The manuscript “ The C1473G mutation in the mouse Tph2 gene: from molecular mechanism to biological consequences" by Khotskin et al. is an experimental study that touches on the behavioral and biochemical consequences of the mutation in the gene encoding the THP2 enzyme. In general, the study is well-designed, and the presentation of the obtained results and the structure of the individual chapters are clear and comprehensive. However, I believe some points require clarification and should be discussed by the authors before this work can be considered for publication.

 

My first comments concern the chapter Materials and Methods. My first comments concern the chapter Materials and Methods. In my opinion, the authors should expand the descriptions of behavioral tests (sections: 2.2.4 and 2.2.6) as well as biochemical methods (sections: 2.4; 2.5.2 -Ë— 2.5.7) so that an interested person could repeat a given experimental procedure without referring to the cited works.

 

In the chapter Results, Section 3.2., Fig. 6C shows only representative blots from mutants 1373C and 1373G. Therefore, original gels with blots for all mice taken for calculations should be shown in Supplementary Materials.

 

In the descriptions of ANOVA results, please enter a uniform formula for presenting the results of this analysis, e.g. F (2,36) = 1.87, p = 0.17 instead of (F2,36) < 1 without specifying the p-value.

 

Please correct the descriptions of the results for which two-way ANOVA was used for analysis. Statistically significant differences between the tested groups are marked with symbols above particular bars only when an interaction between the tested parameters is found. When there is no interaction, only the effects of the individual parameters are given.

 

Author Response

The manuscript “ The C1473G mutation in the mouse Tph2 gene: from molecular mechanism to biological consequences" by Khotskin et al. is an experimental study that touches on the behavioral and biochemical consequences of the mutation in the gene encoding the THP2 enzyme. In general, the study is well-designed, and the presentation of the obtained results and the structure of the individual chapters are clear and comprehensive. However, I believe some points require clarification and should be discussed by the authors before this work can be considered for publication.

 

My first comments concern the chapter Materials and Methods. My first comments concern the chapter Materials and Methods. In my opinion, the authors should expand the descriptions of behavioral tests (sections: 2.2.4 and 2.2.6) as well as biochemical methods (sections: 2.4; 2.5.2 -Ë— 2.5.7) so that an interested person could repeat a given experimental procedure without referring to the cited works.

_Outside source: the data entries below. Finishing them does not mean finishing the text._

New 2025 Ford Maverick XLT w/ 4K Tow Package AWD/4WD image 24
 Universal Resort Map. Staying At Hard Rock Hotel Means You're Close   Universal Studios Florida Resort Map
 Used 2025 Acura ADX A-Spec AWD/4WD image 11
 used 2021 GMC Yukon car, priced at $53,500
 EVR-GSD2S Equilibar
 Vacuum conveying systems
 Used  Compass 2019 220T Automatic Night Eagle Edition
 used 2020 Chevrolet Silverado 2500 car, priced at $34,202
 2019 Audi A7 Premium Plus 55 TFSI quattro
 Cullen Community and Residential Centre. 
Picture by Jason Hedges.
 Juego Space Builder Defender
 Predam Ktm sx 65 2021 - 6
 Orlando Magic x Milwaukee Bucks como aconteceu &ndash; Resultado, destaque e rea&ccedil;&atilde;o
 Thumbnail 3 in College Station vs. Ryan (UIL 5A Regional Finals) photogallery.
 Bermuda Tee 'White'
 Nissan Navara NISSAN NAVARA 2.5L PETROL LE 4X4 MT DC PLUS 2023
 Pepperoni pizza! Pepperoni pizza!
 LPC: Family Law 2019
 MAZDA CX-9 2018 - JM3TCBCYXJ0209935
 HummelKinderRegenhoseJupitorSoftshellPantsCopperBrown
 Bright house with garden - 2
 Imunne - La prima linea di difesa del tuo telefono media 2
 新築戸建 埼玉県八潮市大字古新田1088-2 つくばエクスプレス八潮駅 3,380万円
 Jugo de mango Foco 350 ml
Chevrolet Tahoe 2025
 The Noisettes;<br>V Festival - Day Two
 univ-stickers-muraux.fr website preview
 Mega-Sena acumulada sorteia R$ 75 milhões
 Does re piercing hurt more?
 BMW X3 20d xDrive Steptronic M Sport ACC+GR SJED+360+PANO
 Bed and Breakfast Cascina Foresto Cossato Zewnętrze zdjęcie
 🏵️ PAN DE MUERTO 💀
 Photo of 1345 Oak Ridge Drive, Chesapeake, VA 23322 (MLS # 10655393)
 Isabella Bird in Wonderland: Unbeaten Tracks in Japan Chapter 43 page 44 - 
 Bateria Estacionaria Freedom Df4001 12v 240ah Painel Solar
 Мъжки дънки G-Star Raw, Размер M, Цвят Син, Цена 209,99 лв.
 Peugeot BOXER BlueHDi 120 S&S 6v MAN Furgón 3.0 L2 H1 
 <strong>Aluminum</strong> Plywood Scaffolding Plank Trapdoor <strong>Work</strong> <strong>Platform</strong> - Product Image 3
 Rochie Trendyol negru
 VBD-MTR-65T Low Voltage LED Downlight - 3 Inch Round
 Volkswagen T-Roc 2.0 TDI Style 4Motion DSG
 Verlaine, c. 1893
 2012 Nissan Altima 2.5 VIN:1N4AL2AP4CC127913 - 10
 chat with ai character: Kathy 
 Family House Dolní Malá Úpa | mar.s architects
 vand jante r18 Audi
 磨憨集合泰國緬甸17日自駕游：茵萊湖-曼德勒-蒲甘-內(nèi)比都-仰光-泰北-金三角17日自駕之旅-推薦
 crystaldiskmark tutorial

Answer. The first variant of this manuscript included the expanded descriptions of all methods used. However, the special program found a high percentage of auto-plagiarisms in its first version. The main source of this plagiarism was precisely the detailed descriptions of methods that are found in many of our other articles. In order to decrease the percentage of auto-plagiarisms, we restricted the descriptions of behavioral test and biochemical methods to references to our published papers. However, if the editors allow it and do not pay attention to auto-plagiarism, we can include a full description of all the methods used.

 

In the chapter Results, Section 3.2., Fig. 6C shows only representative blots from mutants 1373C and 1373G. Therefore, original gels with blots for all mice taken for calculations should be shown in Supplementary Materials.

Answer. OK, We put the original blots in the Supplement.

 

In the descriptions of ANOVA results, please enter a uniform formula for presenting the results of this analysis, e.g. F (2,36) = 1.87, p = 0.17 instead of (F2,36) < 1 without specifying the p-value.

Answer. OK. Corrected.

 

Please correct the descriptions of the results for which two-way ANOVA was used for analysis. Statistically significant differences between the tested groups are marked with symbols above particular bars only when an interaction between the tested parameters is found. When there is no interaction, only the effects of the individual parameters are given.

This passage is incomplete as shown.